Göreve geldiğimiz geçen yıldan itibaren daha önce hiç görülmeyen şiddetteki kur saldırısının diğer finansal kırılganlıklarla birleşerek ayağımıza dolaşmasına rağmen yapılanları anlamak son derece önemli. Apaçık bir şekilde son derece olağan dışı gelişmelerle karşı karşıya kalmıştık. Yeni Ekonomi Programı açıklandı ve görevi devralır almaz fiyat istikrarını temin etmek ve ekonomiyi daha sürdürülebilir bir büyüme rotasına koymak için süratle harekete geçtik. Müdahalelerimizin sonuçları cesaret verici oldu, enflasyon geçen yıldan daha aşağı seviyelerde; ve tek haneli enflasyona ulaşmayı da eylül ayı içerisinde başaracağız.

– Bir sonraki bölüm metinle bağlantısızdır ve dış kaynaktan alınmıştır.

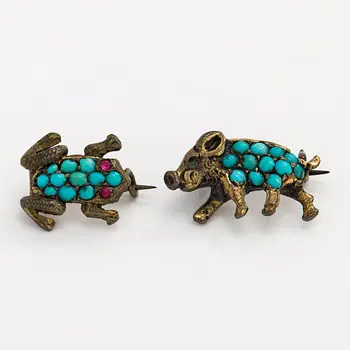 Brooches, 2 pcs, frog and pig, silver, cabochon cut turquoise.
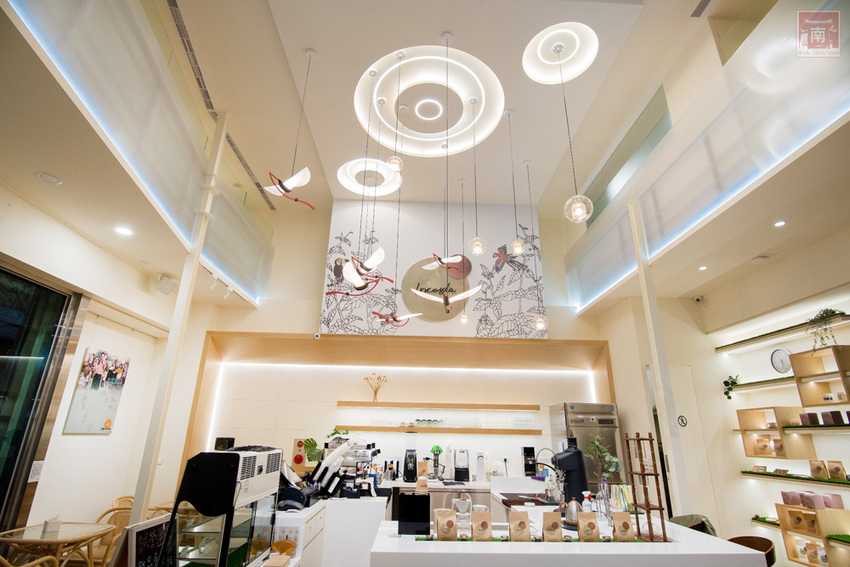 【臺南美食】斯卡羅聯名禮盒預購中|藤編技術融入到咖啡館中|外帶飲品免費升級|咖啡.肉桂捲必嘗|企業咖啡豆~穎可達咖啡 - 南人幫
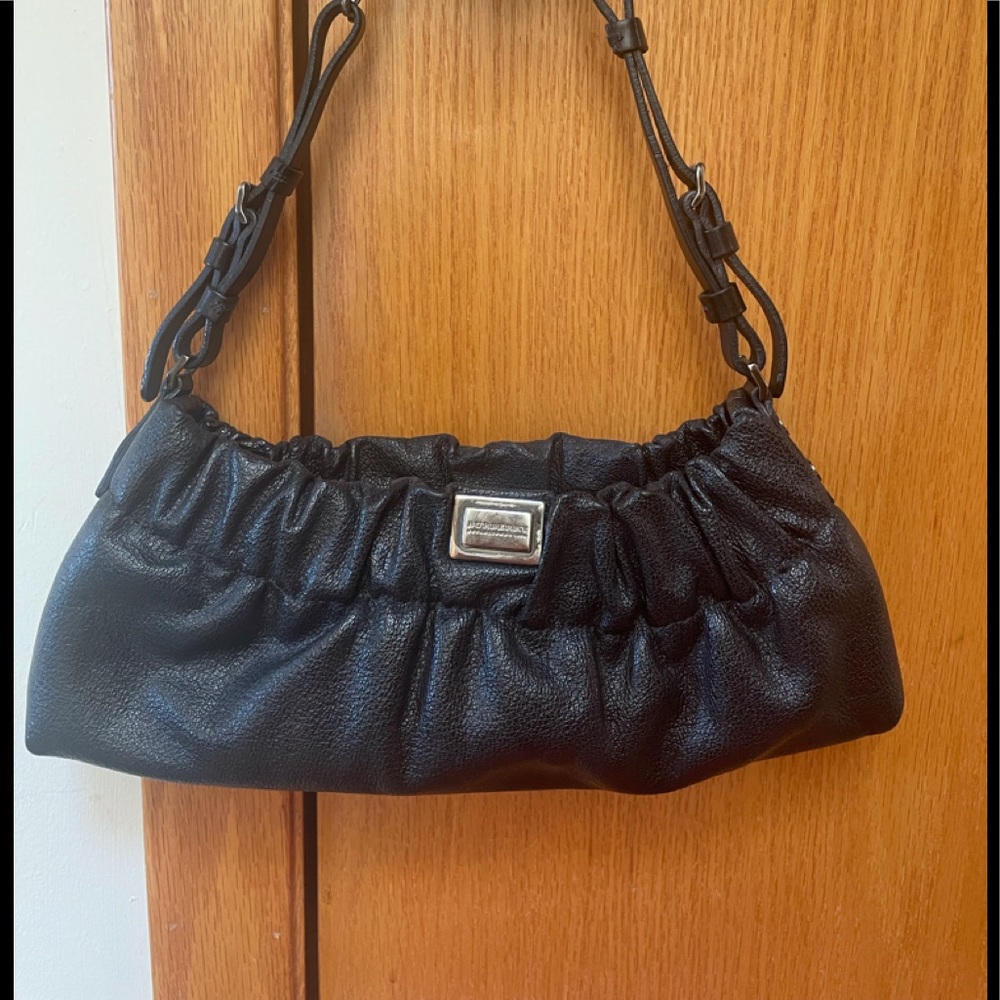 Like NEW BURBERRY CLAMSHELL LEATHER PURSE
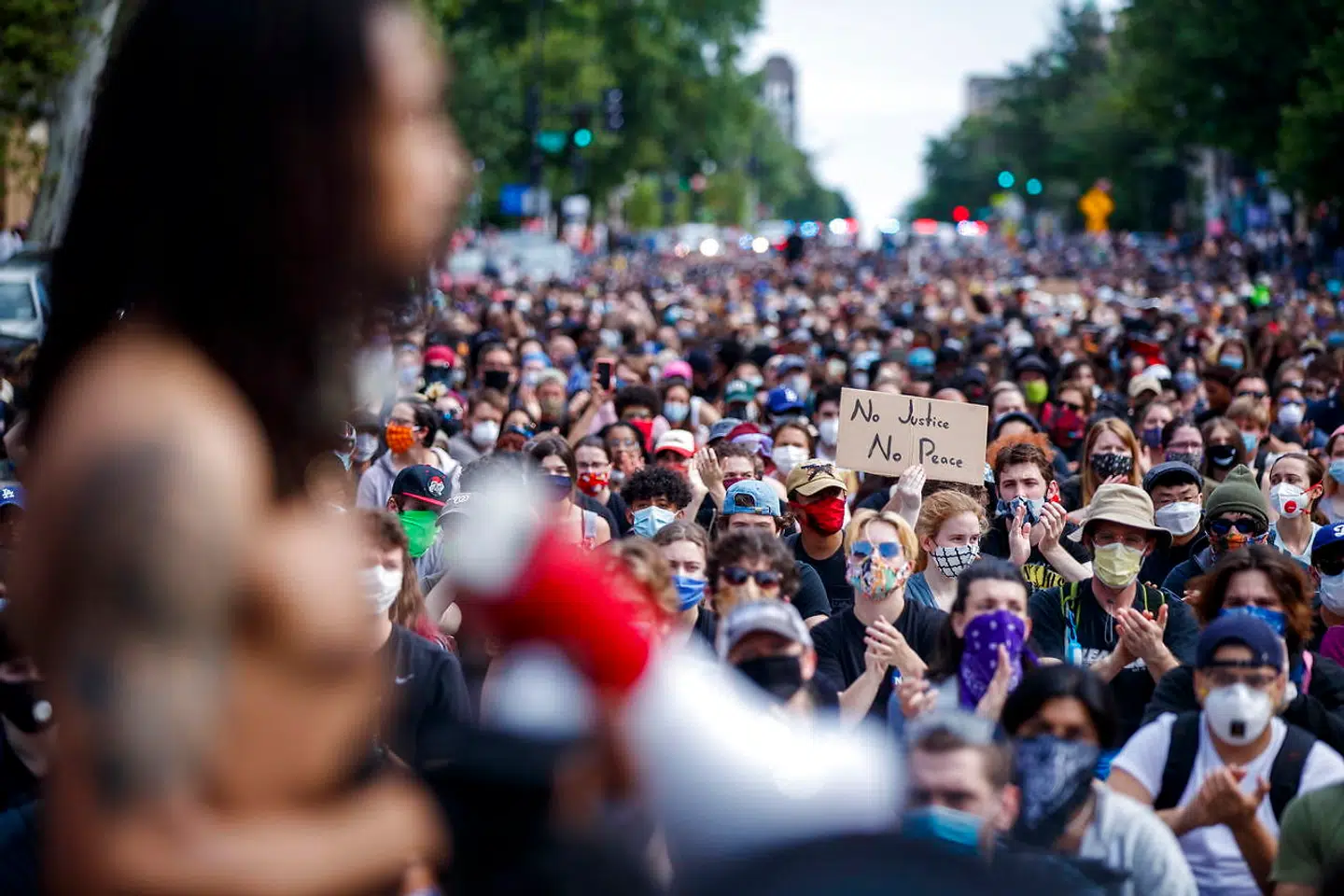 En endnu større mængde af demonstrerende marcherede fredeligt til Det Hvide Hus tirsdag aften, efter at politiet mandag aften med magt fjernede fredelige demonstrerende, for at Donald Trump kunne blive fotograferet foran St. John-kirken et par hundrede meter fra Det Hvide Hus.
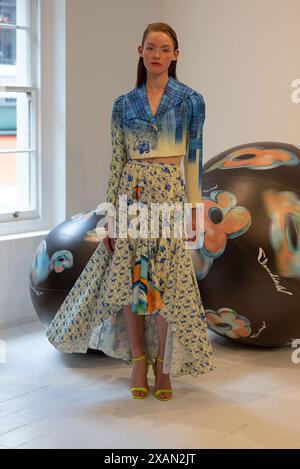 Londres, Royaume-Uni. 07 juin 2024. Un mannequin marche sur la piste à l'automne/hiver 2024, Claudia Wang Presentation pendant la Fashion week de Londres. Crédit : SOPA images Limited/Alamy Live News Banque D'Images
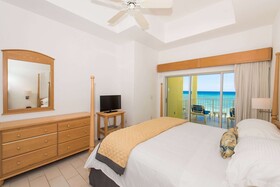 Wyndham Reef Resort Grand Cayman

Merkez Bankası enflasyonla mücadele noktasında bağımsız bir şekilde önlemlerini almaya devam ediyor. Koordineli bir şekilde biz de tedarik zincirlerinin optimizasyonunda destek olarak gıda fiyatlarını kontrol altında tutmaya çalışıyoruz ve bu girişimlerin meyvelerini sonbahar aylarında görmeyi bekliyoruz. 2010 yılı başlarından beri gıda fiyatlarının enflasyondaki temel sorunlardan biri olması nedeniyle bu adımlar kritik önem arz ediyor.

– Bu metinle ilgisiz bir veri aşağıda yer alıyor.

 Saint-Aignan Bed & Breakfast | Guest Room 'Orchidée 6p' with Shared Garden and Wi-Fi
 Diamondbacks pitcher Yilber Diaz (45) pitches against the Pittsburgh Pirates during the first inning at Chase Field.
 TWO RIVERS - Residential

Finans sistemine baktığımızda da Türk bankalarının sermaye yeterlilik oranlarının küresel sınırların çok üzerinde olduğu görülmektedir. Yine de temkinli olmayı sürdürüyoruz: kamu bankalarına nisan ayında yeni sermaye enjekte edildi, bazı özel bankalar da sermayelerini artırdı ve Bankacılık Denetleme ve Düzenleme Kurumu da tüm bankalardan kar payı dağıtmayarak bünyelerinde tutmalarını istedi. Ayrıca finansal istikrarı etkileyebilecek sistemsel riskleri tespit edilebilmesi için en ileri düzeyde gözetim teknolojileri geliştiriyoruz.

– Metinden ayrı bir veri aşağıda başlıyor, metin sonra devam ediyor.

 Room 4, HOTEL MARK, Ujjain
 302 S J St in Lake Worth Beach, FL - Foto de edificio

Yurt içi tasarrufları artırmak için önemli bir politika girişimi açıklayacağız. Bu uzun vadeli büyümeyi sağlayarak kısa vadeli sermaye akımlarına bağımlılığı azaltacak. Ek olarak, yerel bankalardan aldığı kredi miktarı 100 milyon liranın üzerindeki şirketlerden kredi almadan önce bankalarına denetlenmiş mali tablolarını sunmaları şartı getirerek bilgi boşluğu olduğu söylenen bir alanı dolduruyoruz. Ulusal kredi derecelendirme ajansı da bilgi ortamını geliştirecek ve sermaye piyasalarının derinleşmesini sağlayacak. Tüm bunlara ilaveten, fon kaynaklarını çeşitlendirme açısından sigortacılık sektörü de büyük bir büyüme potansiyeline sahip.
Varlık Yatırım Fonu'muz diğer kamu kuruluşları ile birlikte ilaç, petro-kimya, enerji ve teknoloji sektörlerindeki stratejik ortaklarıyla aktif bir şekilde görüşmeler yaparak doğrudan yabancı yatırımları çekmek ve cari dengeyi desteklemeyi hedefliyor. İlaveten, Doğu Akdeniz'de ortak arama ve üretim fırsatları yatırımcıları bekliyor. Üç kıtanın kesişiminde konumlanan Türkiye'nin doğal bir enerji, lojistik, ticaret ve ihracat üssü olma özelliği tartışılmaz bir şekilde canlı ve çekici bir şekilde devam ediyor.
Önümüzdeki fırsatlar konusunda son derece heyecanlıyız ve bunun bir parçası olmak isteyen tüm paydaşları mutlulukla bekliyoruz."